Math 31AH: Lecture 18

Let $\mathbf{V}$ be a vector space, and let us consider the algebra $\mathrm{End}\mathbf{V}$ as a kind of ecosystem consisting of various life forms of varying complexity. We now move on to the portion of the course which is concerned with the taxonomy of linear operators — their classification and division into various particular classes.

The simplest organisms in the ecosystem $\mathrm{End}\mathbf{V}$ are operators which act by scaling every vector $\mathbf{v} \in \mathbf{V}$ by a fixed number $\lambda \in \mathbb{R}$; these are the single-celled organisms of the operator ecosystem.

Definition 1: An operator $A \in \mathrm{End}\mathbf{V}$ is said to be simple if there exists a scalar $\lambda \in \mathbb{R}$ such that

$A\mathbf{v}=\lambda \mathbf{v} \quad \forall\ \mathbf{v} \in \mathbf{V}.$

— Q.E.D.

Simple operators really are very simple, in the sense that they are no more complicated than numbers. Indeed, Definition 1 is equivalent to saying that $A=\lambda I,$ where $I \in \mathrm{End}\mathbf{V}$ is the identity operator, which plays the role of the number $1$ in the algebra $\mathrm{End}\mathbf{V},$ meaning that it is the multiplicative identity in this algebra. Simple operators are extremely easy to manipulate algebraically: if $A=\lambda I,$ then we have

$A^k = \underbrace{(\lambda I)(\lambda I) \dots (\lambda I)}_{k \text{ factors }} =\lambda^kI,$

for any nonnegative integer $k,$ and more generally if $p(x)$ is any polynomial in a single variable then we have

$p(A) = p(\lambda)I.$

Exercise 1: Prove the above formula.

The formula $A^k=\lambda^kI$ even works in the case that $k$ is a negative integer, provided that $\lambda \neq 0;$ equivalently, the simple operator $A=\lambda I$ is invertible if and only if $\lambda \neq 0,$ its inverse being $A^{-1} = \lambda^{-1}I.$ If $A =\lambda I$ and $B = \mu I$ are simple operators, then they commute,

$AB = (\lambda I)(\mu I)=(\lambda\mu)I = (\mu I)(\lambda I) = BA,$

just like ordinary numbers, and more generally

$p(A,B) = p(A,B)I$

for any polynomial $p(x,y)$ in two variables.
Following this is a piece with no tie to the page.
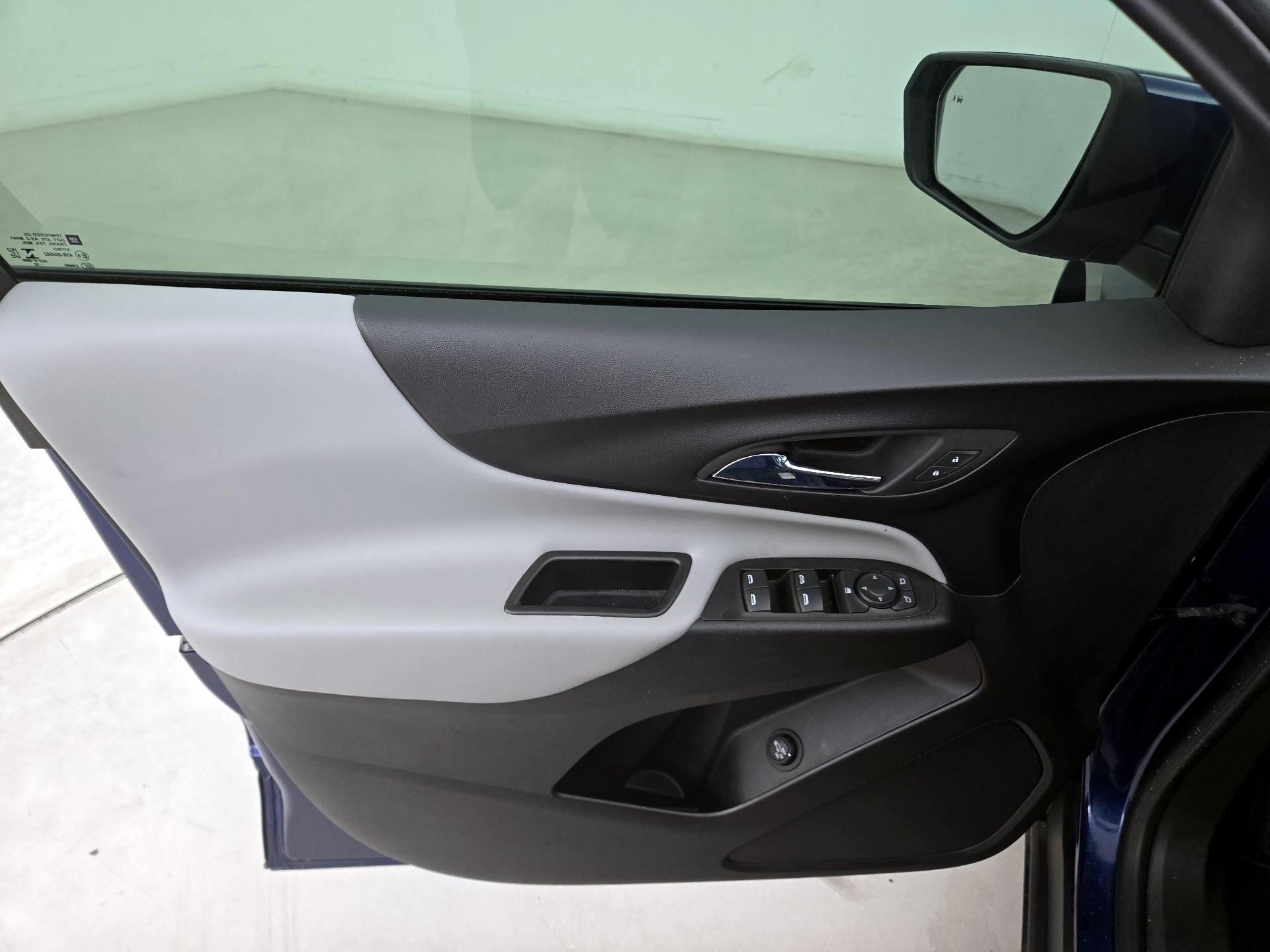 Thumbnail: 2022 Chevrolet Equinox - 12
Exercise 2: Prove the above formula.

Another way to appreciate how truly simple simple operators are is to look at their matrices. In order to do this, we have to restrict to the case that the vector space $\mathbf{V}$ is finite-dimensional. If $\mathbf{V}$ is $n$-dimensional, and $E=\{\mathbf{e}_1,\dots,\mathbf{e}_n\}$ is any basis of $\mathbf{V},$ then the matrix of $A=\lambda I$ relative to $E$ is simply

$[A]_E = \begin{bmatrix} \lambda & {} & {} \\ {} & \ddots & {} \\ {} & {} & \lambda \end{bmatrix},$

where the off-diagonal matrix elements are all equal to zero. For this reason, simple operators are often called diagonal operators.

Most operators in $\mathrm{End}\mathbf{V}$ are not simple operators — they are complicated multicellular organisms. So, to understand them we have to dissect them and look at their organs one at a time. Mathematically, this means that, given an operator $A \in \mathrm{End}\mathbf{V},$ we look for special vectors in $\mathbf{V}$ on which $A$ acts as if it was simple.
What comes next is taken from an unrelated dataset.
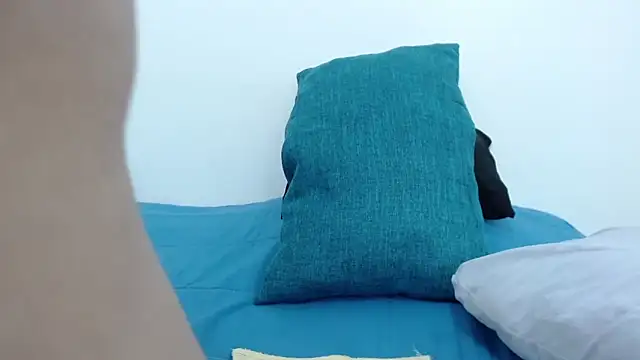 ElizabethMiler online show from April 2026 03:15:02 PM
Definition 2: A nonzero vector $\mathbf{e} \in \mathbf{V}$ is said to be an eigenvector of an operator $A \in \mathbf{End} \mathbf{V}$ if

$A\mathbf{e} = \lambda \mathbf{e}$

for some $\lambda \in \mathbf{R}.$ The scalar $\lambda$ is said to be an eigenvalue of $A.$

The best case scenario is that we can find a basis of $\mathbf{V}$ entirely made up of eigenvectors of $A.$

Defintion 3: An operator $A \in \mathrm{End} \mathbf{V}$ is said to be semisimple if there exists a basis $E$ of $\mathbf{V}$ consisting of eigenvectors of $A.$ Such a basis is called an eigenbasis for $A.$

As the name suggests, semisimple operators are pretty simple, but not quite as simple as simple operators. In particular, every simple operator is semisimple, because if $A$ is simple then every nonzero vector in $\mathbf{V}$ is an eigenvector of $A,$ and hence any basis in $\mathbf{V}$ is an eigenbasis for $A.$ The converse, however, is not true.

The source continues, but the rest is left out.